Sobre o primeiro beijo
Sobre beijo não falo. Sobre beijo não se fala. Beijo não é para ser falado, só beijado. Falo sobre o que então? Falo sobre os lábios, aqueles que me deram o beijo. Depois daqueles lábios, compreendi o beijo. Não. Depois daqueles lábios descompreendi, desaprendi, ensandeci, enlouqueci. Ah! Depois daqueles lábios, nada mais vi. Virei menina travessa, pulando, cantando, dando risada da vida. Ah! Que poder tinham aqueles lábios! Lábios alquimista. Poeira depois deles, reluzia. Não conhecia estado de graça, não conhecia as cores que iam e vinham no teto do meu quarto, não conhecia os compartimentos secretos de minha memória, nem os corredores de mim mesma. Todos lentamente percorridos centenas de vezes naquela noite. Idas e vindas gozadas vigorosamente, idas sem desejos de vindas. Os olhos não queriam fechar e as mãos não acreditando, tocavam os lábios bem de mansinho, para não roubar a suavidade que os lábios dele haviam deixado. Noite que não acabava nunca mais. Estrelinhas no quarto, apertões no travesseiro, levanta e deita, deita e levanta muitas vezes. Que agonia! Risos solitários, viagens acompanhada, olhos inquietos querendo ultrapassar o concreto e ganhar rua, rumo...não sei bem. Não sei bem descrever o que senti quando senti pela primeira vez outros lábios nos meus.
Foi essa a resposta que dei para minha sobrinha quando ela me perguntou como havia sido meu primeiro beijo, o que eu havia sentido. Fui sincera, era exatamente essa a sensação, um misto de entusiasmo com alucinação e inúmeras tentativas de reviver aquele friozinho que começava na barriga e tomava conta do corpo inteiro, principalmente das mãos, trêmulas e geladas. Ela me olhou com cara de quem não estava entendendo nada. Fez um sinal com a cabeça e as mãos dando a entender que eu era maluca e balbuciou alguma coisa sobre exagero. Sem dizer mais nada, virou para o computador e continuou a conversa com seu amigo virtual. Pensei em argumentar e fazê-la entender o que era o primeiro beijo para alguém da minha geração, mas logo desisti, uma menina de 15 anos hoje não entenderia os quinze anos das meninas de algumas décadas atrás, então, suspirei e lamentei, crendo ser o único sentimento que me restava.

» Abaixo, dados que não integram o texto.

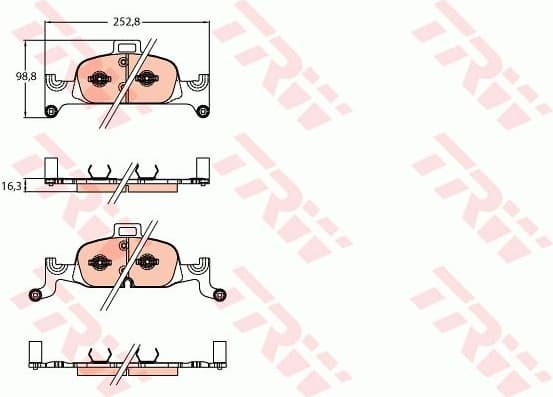 Brake pads front, Top Quality GDB2126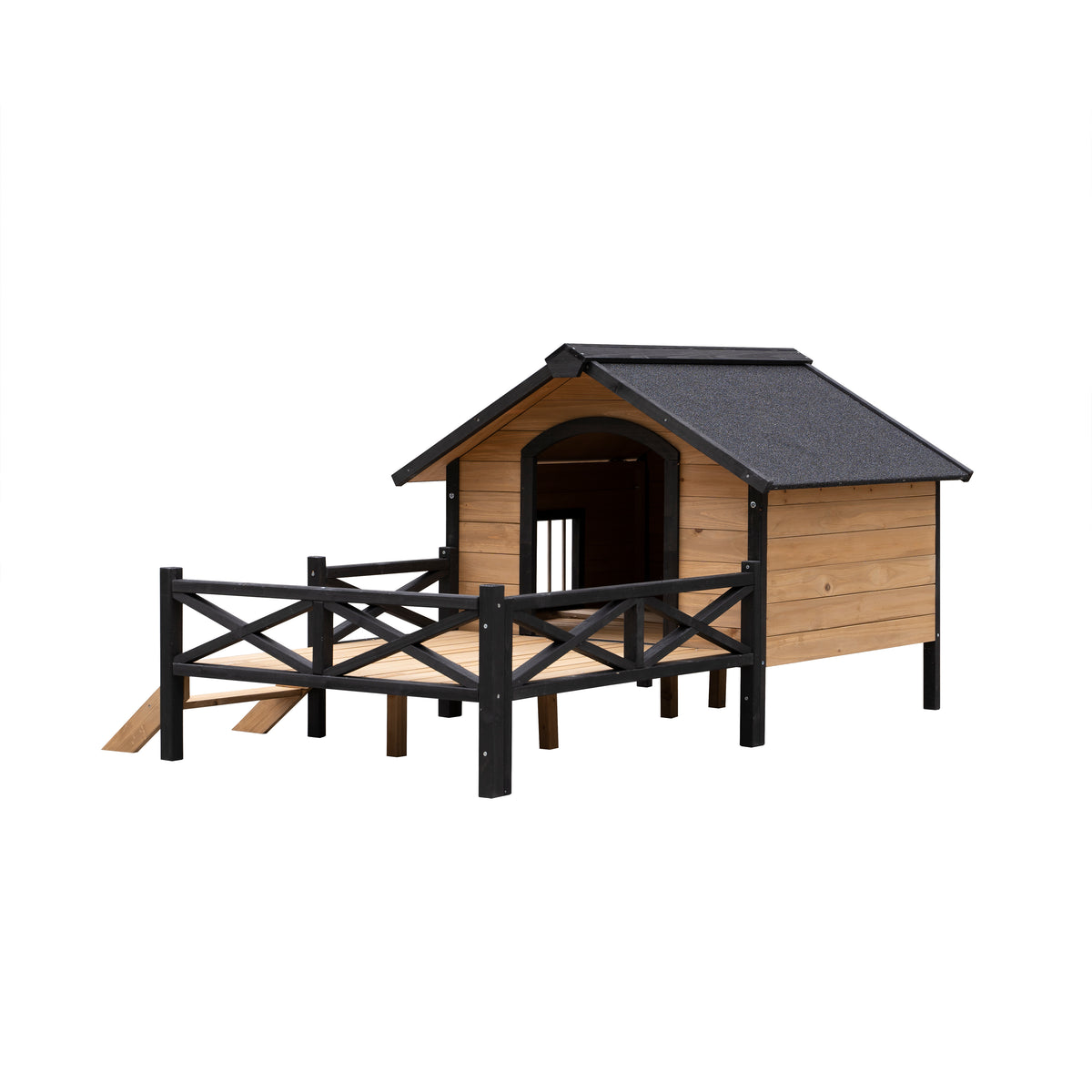 Outdoor Large Wooden Cabin House Style Wooden Dog Kennel with Porch W21951579-djyc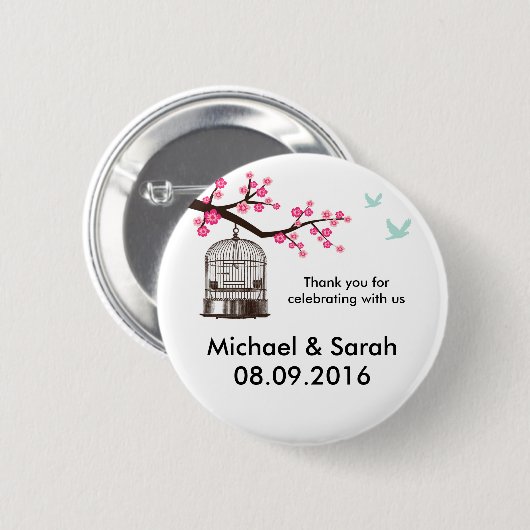 Classic Bird Cage und Pink Blume Danke Button (Vorne & Hinten)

Mas os lamentos de uma escritora, mesmo amadora como eu, sempre rendem boas conversas e cá estou eu contando o ocorrido. Aproveitando o ensejo, como boa prosista que sou quero fazer uma pergunta. Será que o primeiro beijo não causa mais confusão nas meninas de hoje? Considerando minha experiência com elas, já que além de tia, sou professora, eu responderia que o primeiro beijo perdeu um pouco do seu encanto, ou melhor, eu diria que o primeiro beijo não vem mais acompanhado de sonhos, de medos, de vergonhas. Não estou falando do famoso “selinho” porque esse já faz parte da infância delas, mas do primeiro beijo de verdade, aquele que espera o primeiro amor, que vem carregado de fantasias, que foi sonhado por dias e noites insistentemente. Ah! Queridos amigos, hoje se beija e pronto. Sem suspiros, sem congelamentos, pelo contrário, hoje é tudo muito quente desde o início. Não há esperas, suspenses, conquistas, olhares. Hoje beijar é como cumprimentar, se cumprimenta todos, se beija todos. Se o beijo fosse um texto, eu diria que ele deixou de expressar a função emotiva para expressar a fática. Eu, que fui bela adormecida um dia, despertada pelo beijo do meu príncipe cheio de encantos, pelo menos na época , lamento que minha sobrinha e as outras meninas dessa geração e das próximas que ainda virão nunca terão em seus baús de memórias a embriaguez de uma noite inteira rondada pelas alucinações do primeiro beijo.